X_train = sc.fit_transform(X_train)
X_test = sc.transform(X_test)

In [None]:
X_train

In [None]:
X_test

**XGboost classifier algorithm**

In [None]:
#train XGBoost model
import xgboost
from sklearn.metrics import accuracy_score
#model = xgb.XGBClassifier()
xgb = xgboost.XGBClassifier(n_estimators=100, learning_rate=0.08, gamma=0, subsample=0.75,
                           colsample_bytree=1, max_depth=7)
xgb.fit(X_train,y_train.squeeze().values)

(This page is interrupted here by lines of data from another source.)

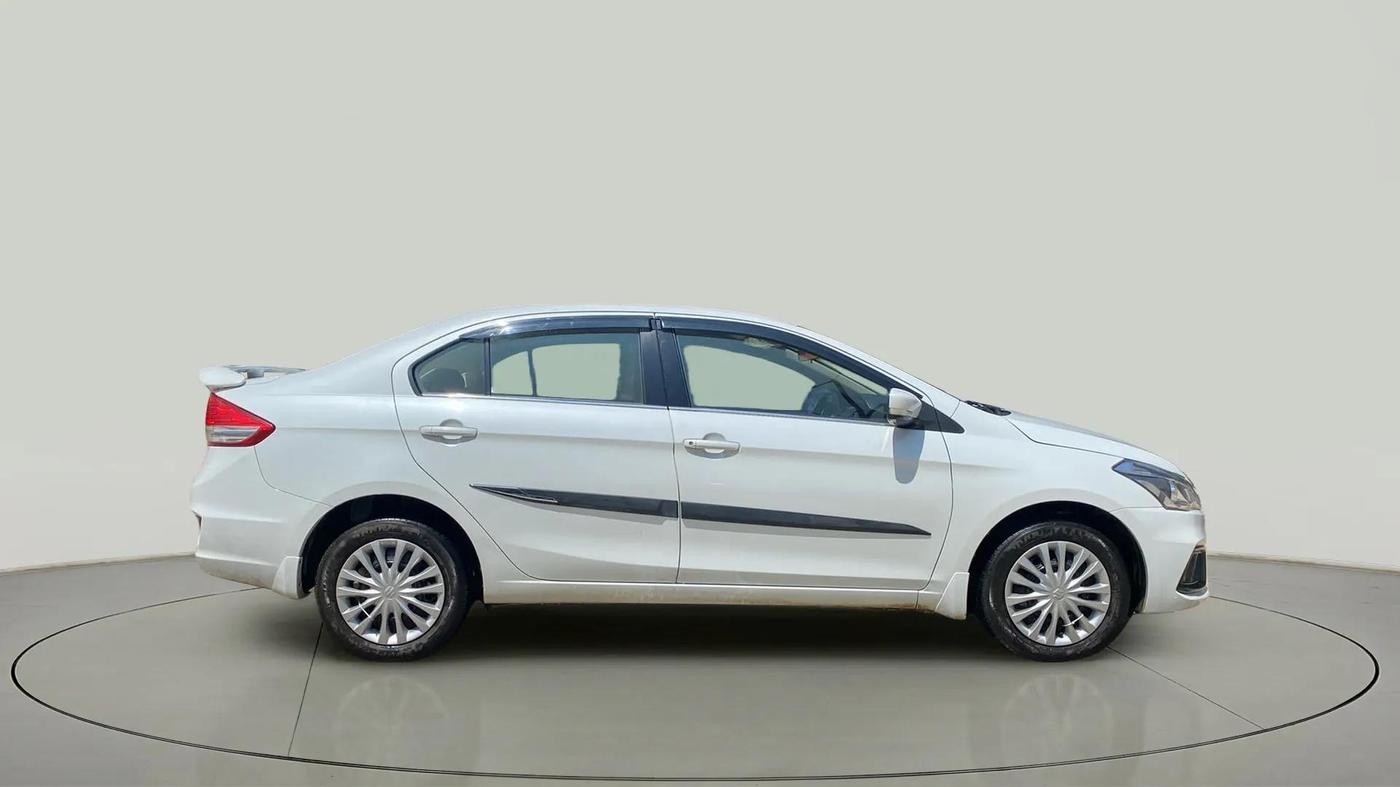 2021 Maruti Ciaz SIGMA 1.5 SHVS MT  PETROL, CNG, Manual, 27,104 km, Right Side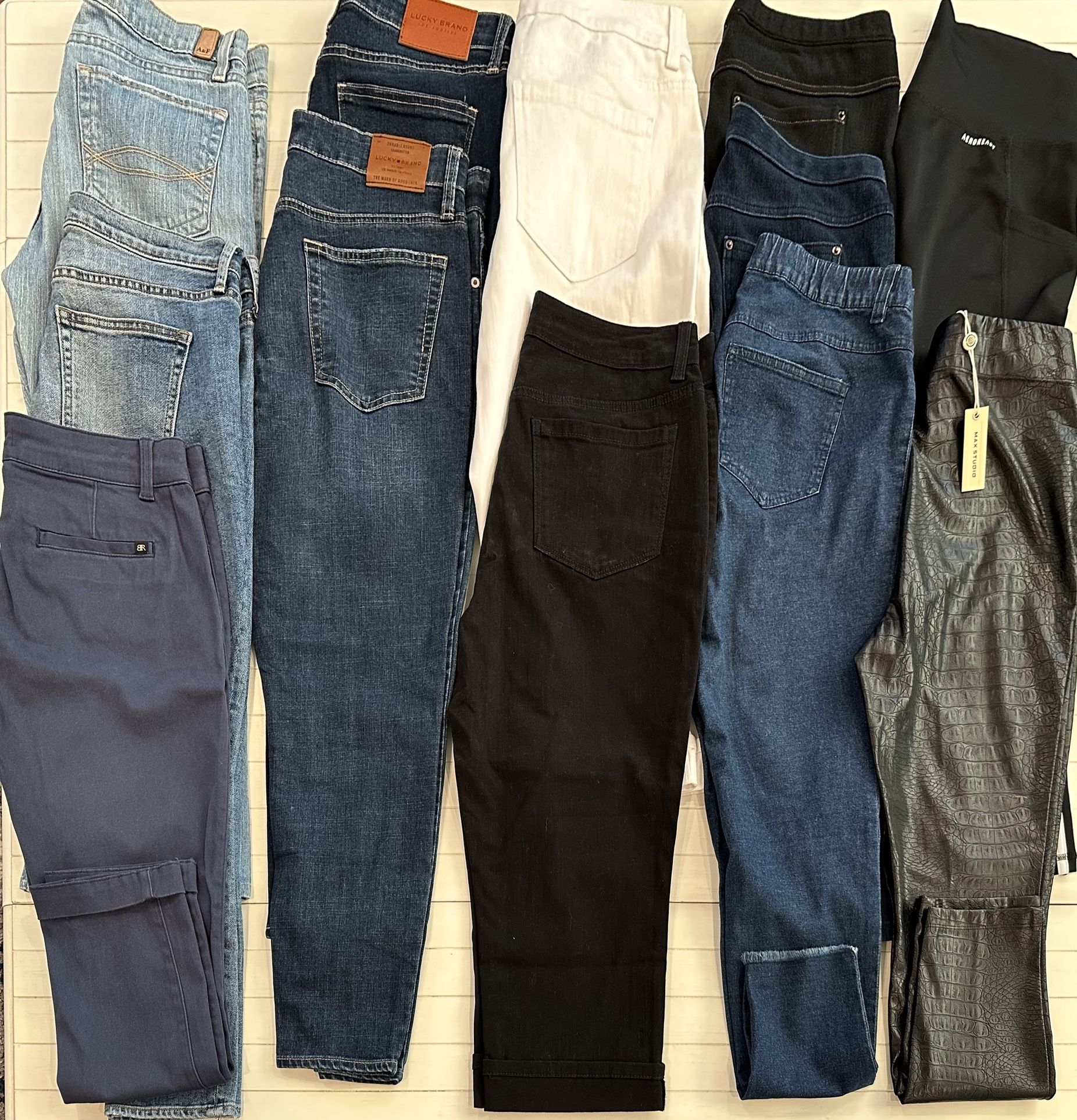 Women’s Bundle Jeans, Leggings, New Faux Leather Leggings, Capris, Chinos Sz(8) Lot(12)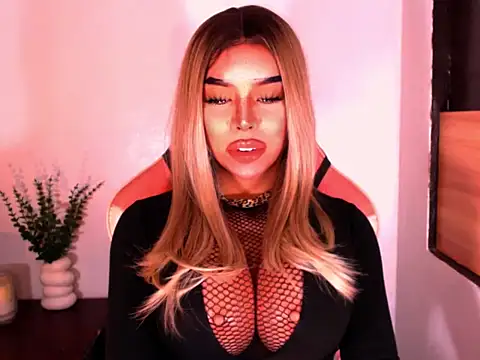 Snapshot of Zandralopez chatting on 22, 5, 2026 Zandralopez online show from 22, 5, 2026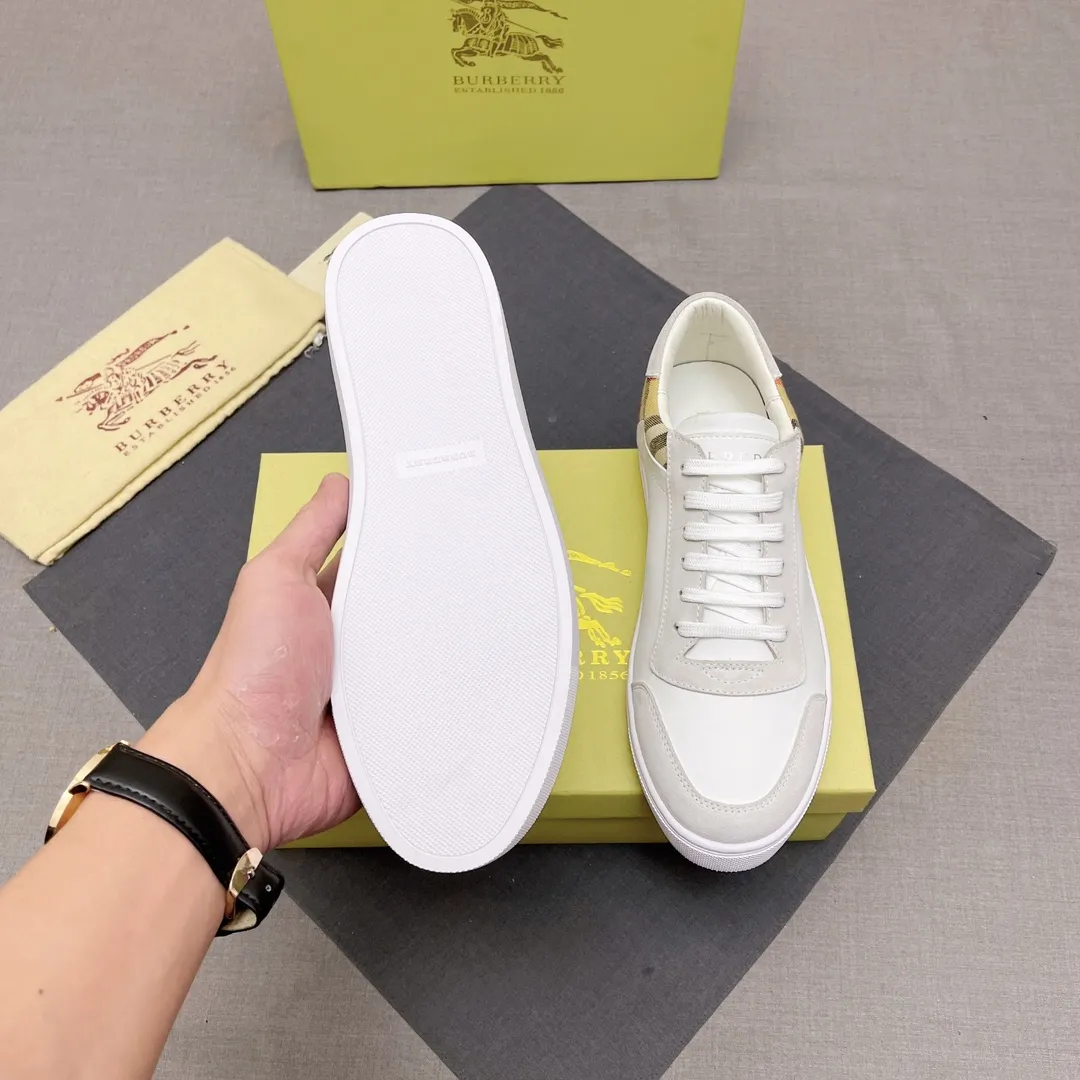 P360 B men's classic low-top sneakers are reinterpreted in Vintage plaid cotton and cowhide materials, decorated with a new brand logo. First-grain cowhide lining, embossed Burberry lettering logo on the heel, original outsole! 38-44 (45 46 customized) No. 019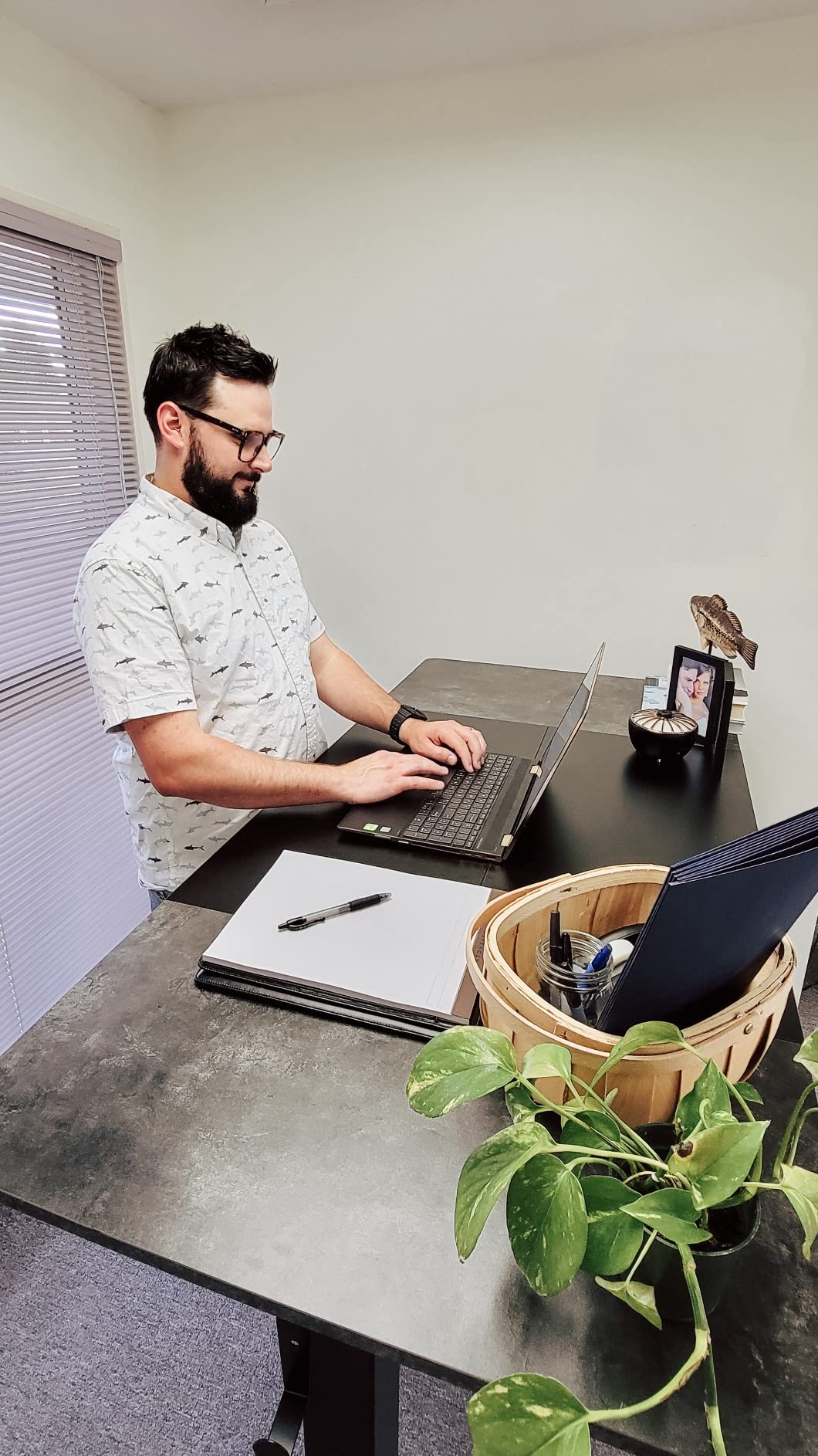 4-Leg Standing Desk, 71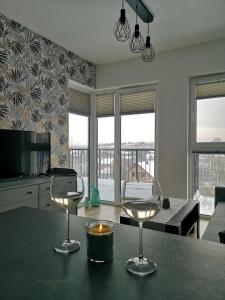 uma sala de estar com dois copos de vinho numa mesa em Apartament dla Ciebie em Lańcut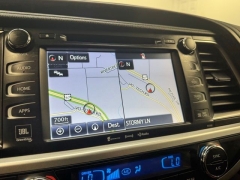 Used 2017  Toyota Highlander Limited V6 AWD &lpar;Natl&rpar; at AutoCenters Bonne Terre near Bonne Terre&comma; MO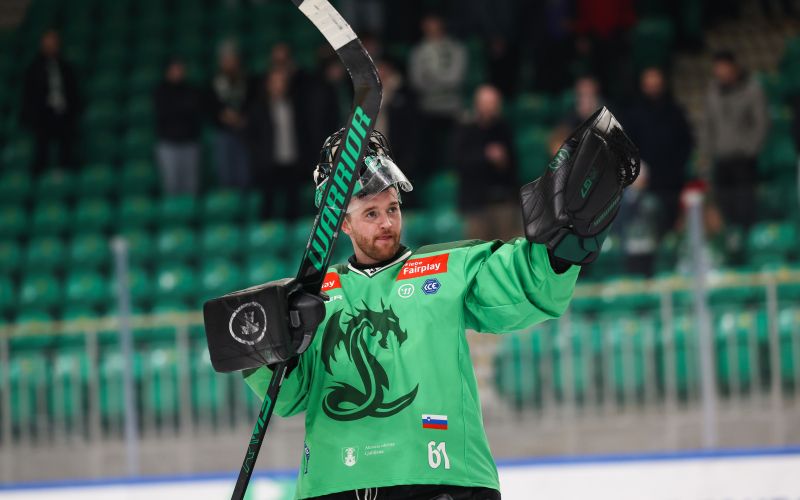 lukas horak olimpija hokej 25 af.jpg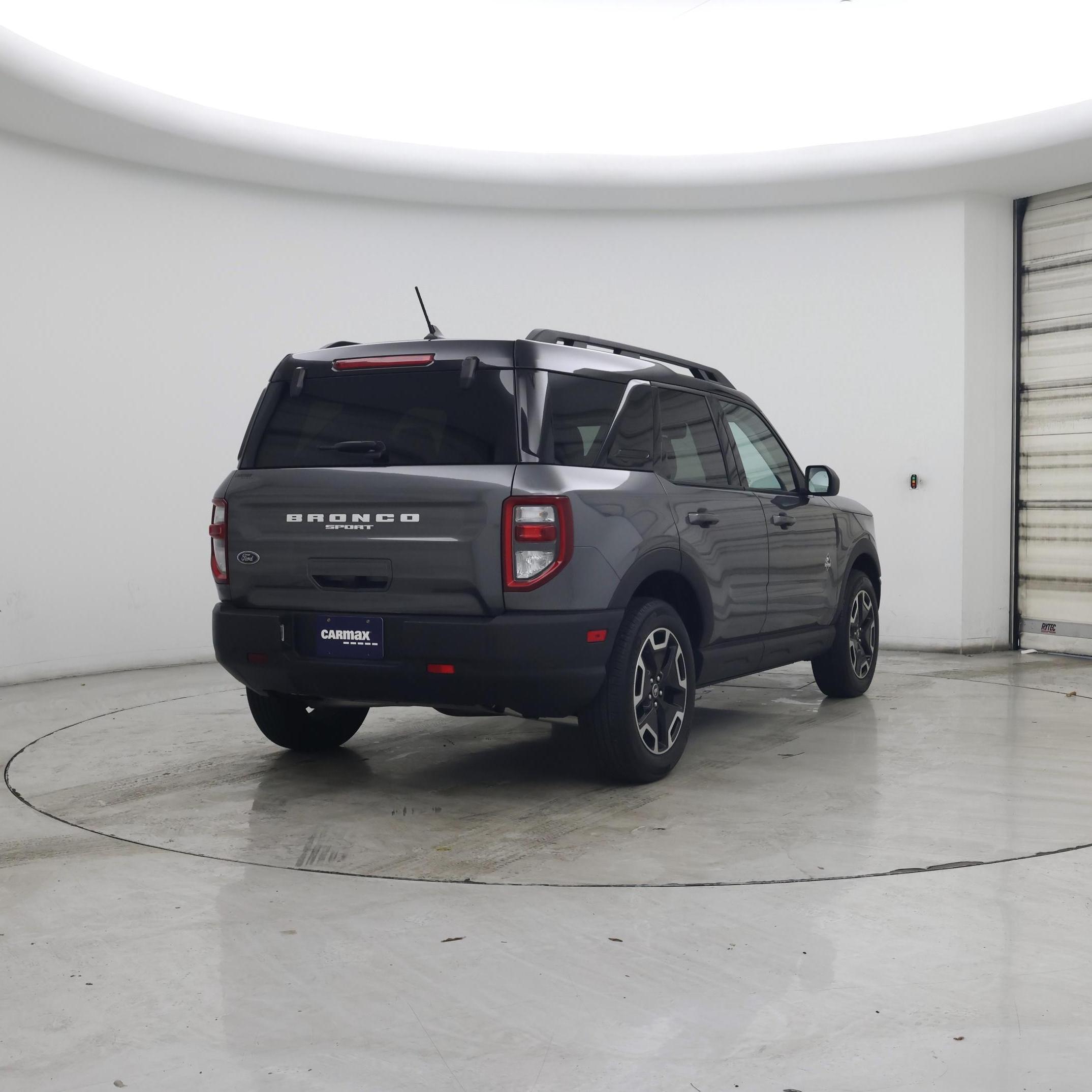 Thumbnail: 2023 Ford Bronco Sport - 8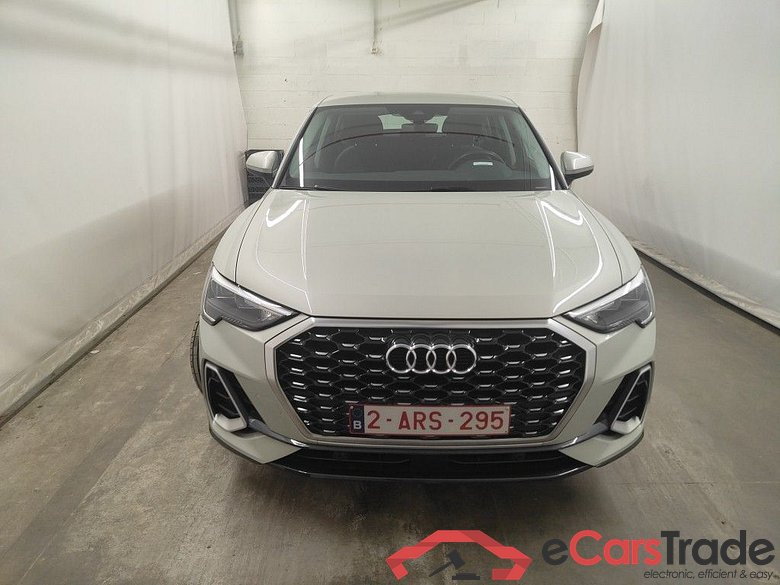 Audi Q3 Sportback 35 TFSI S tronic S Line 5d #5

#calculate and print scores for the model for top 15 features
y_train_preds = xgb.predict(X_train)
y_test_preds = xgb.predict(X_test)

print('XGB accuracy score for train: %.3f: test: %.3f' % (
        accuracy_score(y_train, y_train_preds),
        accuracy_score(y_test, y_test_preds)))

In [None]:
from sklearn.metrics import f1_score, roc_auc_score,accuracy_score,confusion_matrix, precision_recall_curve, auc, roc_curve, recall_score, classification_report 
classification_report = classification_report(y_test, y_test_preds)
print(classification_report)

so we get an accuracy of **85%**. F1 scores show that the model is performing quite well. So it's good.

In [None]:
cm = confusion_matrix(y_test, y_test_preds)
cm

In [None]:
predicted_probab_log = xgb.predict_proba(X_test)
predicted_probab_log = predicted_probab_log[:, 1]
fpr, tpr, _ = roc_curve(y_test, predicted_probab_log)

**ROC-AUC curve**

In [None]:
from matplotlib import pyplot
pyplot.plot(fpr, tpr, marker='.', label='')
pyplot.xlabel('False Positive Rate')
pyplot.ylabel('True Positive Rate')
pyplot.legend()
pyplot.show()

**Some recommendations for future marketting campaigns**
* The customer's account balance has a huge influence on the campaign's outcome. People with account balance above 1490$ are more likely to subscribe for term deposit, so future address those customers.

* The customer's age affects campaign outcome as well. Future campains should concentrate on customers from age categories below 30 years old and above 50 years old.

* Number of contacts with the customer during the campaign is also very important. The number of contacts with the customer shouldn't exceed 4.